# Exercise 11.3 Perimeter-and-Area -NCERT Solutions Class 7

Exercise 11.3

## Chapter 11 Ex.11.3 Question 1

Find the circumference of the circles with the following radius:

\(\begin{align}\left( {{\rm{Take}}\;\pi = \frac{{22}}{7}} \right)\end{align}\)

(a) \(14 \,\rm cm\)

(b) \(28 \,\rm mm \)

(c) \(21 \,\rm cm\)

**Solution**

**Video Solution**

**What is known?**

Radius of the circle

**What is unknown?**

The circumference of the circles.

**Reasoning: **

In this question, radius of the circle is given. Put the value of the radius in the formula of circumference of the circle to find out the circumference.

**Steps:**

**(a)** Circumference of the circle

\[\begin{align} &= 2\pi r\\&= 2 \times \frac{{22}}{7} \times 14\\&= 2 \times 22 \times 2\\&= 88\;\rm{cm}\end{align}\]

**(b)** Circumference of the circle

\[\begin{align}&= 2\pi r\\&= 2 \times \frac{{22}}{7} \times 28\\&= 2 \times 22 \times 4\\&= 176\;\rm{mm}\end{align}\]

**(c)** Circumference of the circle

\[\begin{align}&= 2\pi r\\&= 2 \times \frac{{22}}{7} \times 21\\&= 2 \times 22 \times 3\\&= 132\;\rm{cm}\end{align}\]

## Chapter 11 Ex.11.3 Question 2

Find the area of the following circles, given that:\(\begin{align}\left( {{\rm{Take\, }}\pi = \frac{{22}}{7}} \right)\end{align}\)

(a) Radius \(= 14\,\rm mm\)

(b) Diameter \(= 49 \,\rm m\)

(c) Radius \(= 5 \,\rm cm\)

**Solution**

**Video Solution**

**What is known?**

Radius or diameter of the circles.

**What is unknown?**

The Area of the circles.

**Reasoning: **

In this question, radius (or diameter) of the circle is given.
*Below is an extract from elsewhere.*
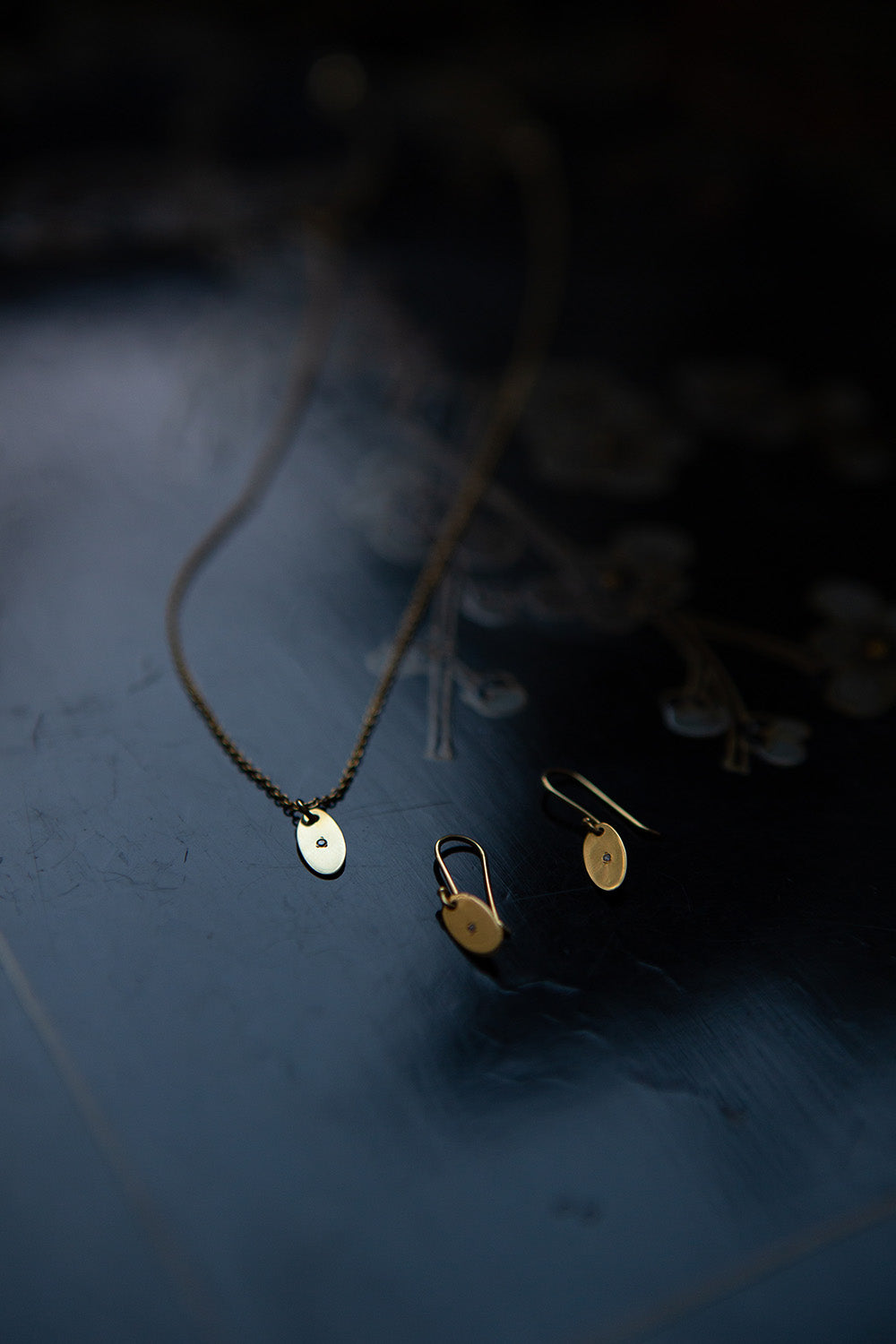 Ovum 14k Gold and Diamond Necklace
Put the value of the radius in the formula of area of the circle to find out the area.

**Steps:**

**(a) **Given,

Radius of the circle \(= 14 \,\rm mm\)

Area of circle

\[\begin{align}&= \pi {r^2}\\&= \frac{{22}}{7} \times 14 \times 14\\&= 22 \times 2 \times 14\\&= 616\;\rm m{m^2}\end{align}\]

**(b) **Given,

Diameter of the circle \(= 49 \,\rm m\)

Therefore, radius \(= 24.5 \,\rm m\)

Area of circle

\[\begin{align}&= \pi {r^2}\\&= \frac{{22}}{7} \times 24.5 \times 24.5\\&= 22 \times 24.5 \times 3.5\\&= 1886.5\;\rm {m^2}\end{align}\]

**(c) **Given,

Radius of the circle \(= 5 \,\rm cm\)

Area of circle

\[\begin{align}&= \pi {r^2}\\&= \frac{{22}}{7} \times 5 \times 5\\ &= \frac{{550}}{7}\\&= 78.57\;\rm c{m^2}\end{align}\]
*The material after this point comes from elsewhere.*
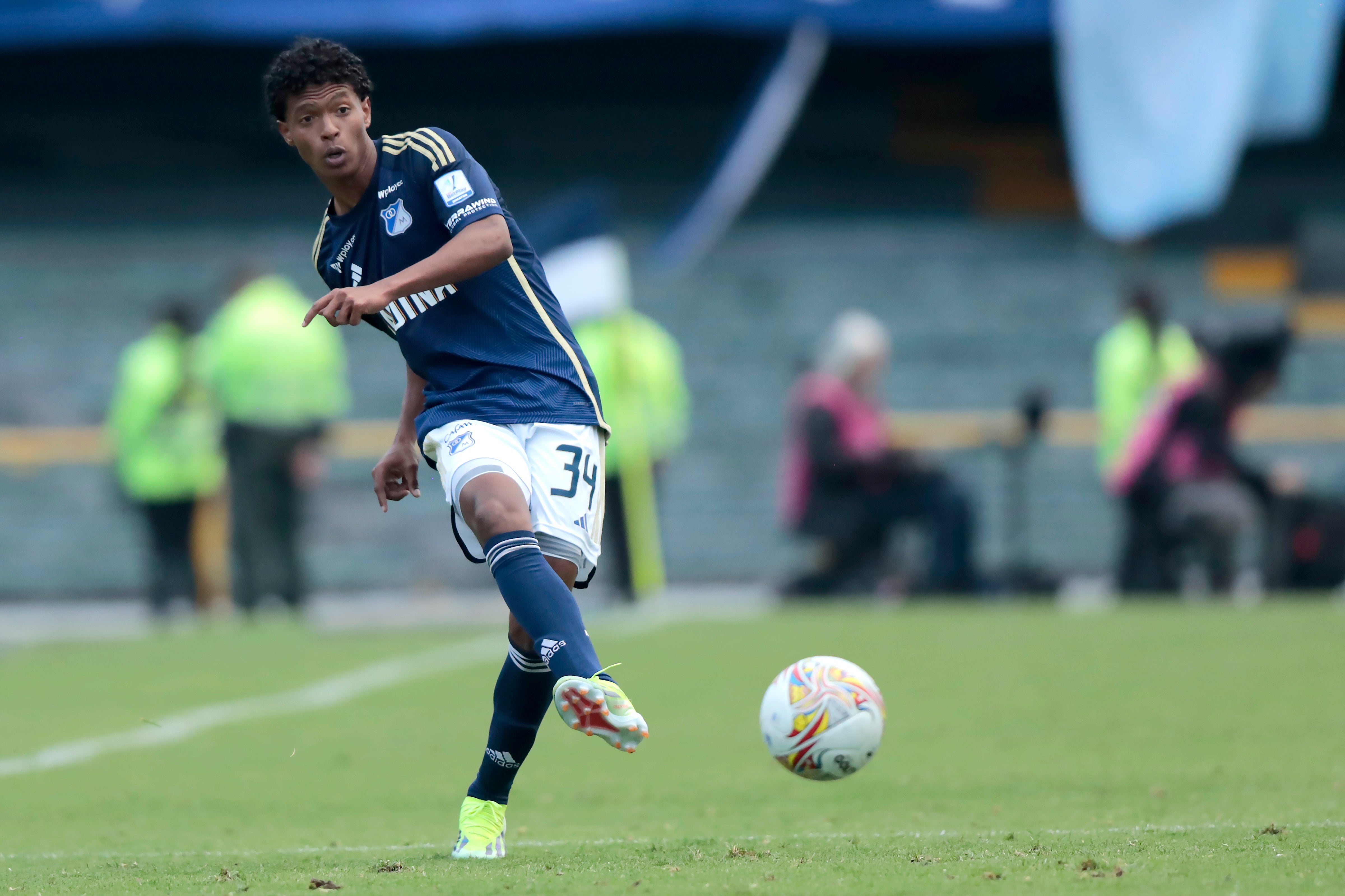 Sander Navarro debutó con Millonarios en 2023 frente a Deportivo Pasto / VizzorImage / Andres Rot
## Chapter 11 Ex.11.3 Question 3

If the circumference of a circular sheet is \(154\,\rm m\), find its radius. Also find the area of the sheet. \(\begin{align}\left( {{\rm{Take }}\pi = \frac{{22}}{7}} \right)\end{align}\)

**Solution**

**Video Solution**

**What is known?**

The circumference of a circular sheet is \(154\,\rm m\).

**What is unknown?**

Radius and the area of the circular sheet.

**Reasoning: **

This question is straight forward, circumference of a circular sheet is given as \(154\,\rm m\) and it will also be equal to the formula of circumference of the circle, equate them and find the value of unknown i.e. radius. Now, the radius is known put the value in the formula of area of circle and find the measurement of the area.

**Steps:**

Circumference of the circular sheet\( = 154 m\)
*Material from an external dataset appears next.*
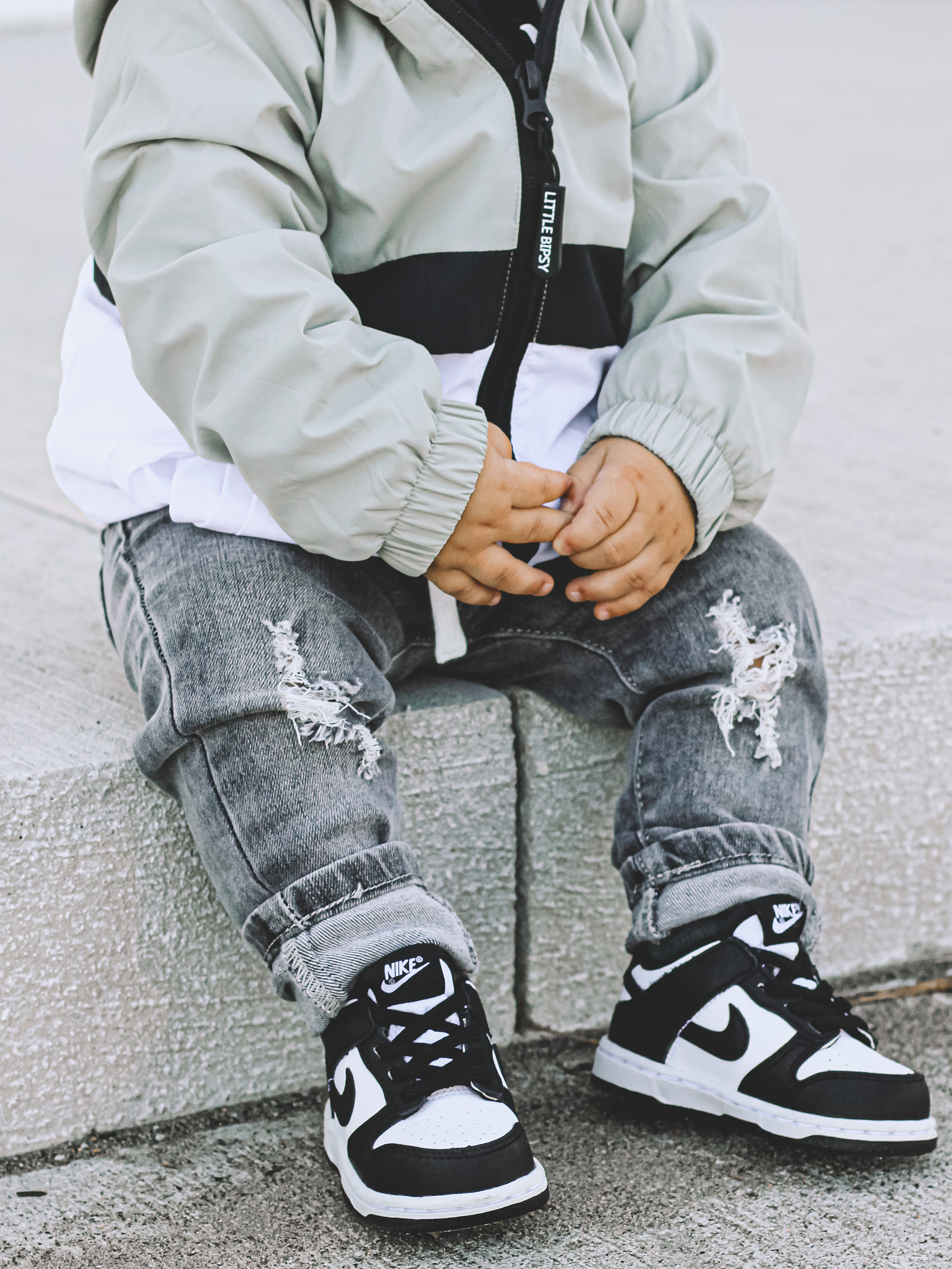 Vintage Distressed Denim Jeans - Grey Wash Faded Skinny Jeans for Women | Casual Streetwear & Everyday Comfort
\[\begin{align}2\pi r &= 154\\2 \times \frac{{22}}{7} \times r &= 154\\r &= \frac{{154 \times 7}}{{2 \times 22}}\\r &= \frac{{49}}{2}\\r &= 24.5\;\rm{m}\end{align}\]

Now,

Area of circular sheet

\[\begin{align} &= \pi {r^2}\\&= \frac{{22}}{7} \times 24.5 \times 24.5\\&= 1886.5\;\rm{m^2}\end{align}\]

Thus, the radius and area of circular sheet are \(24.5 \rm \,m^2\) and \(1886.5 \rm\,m^2\) respectively.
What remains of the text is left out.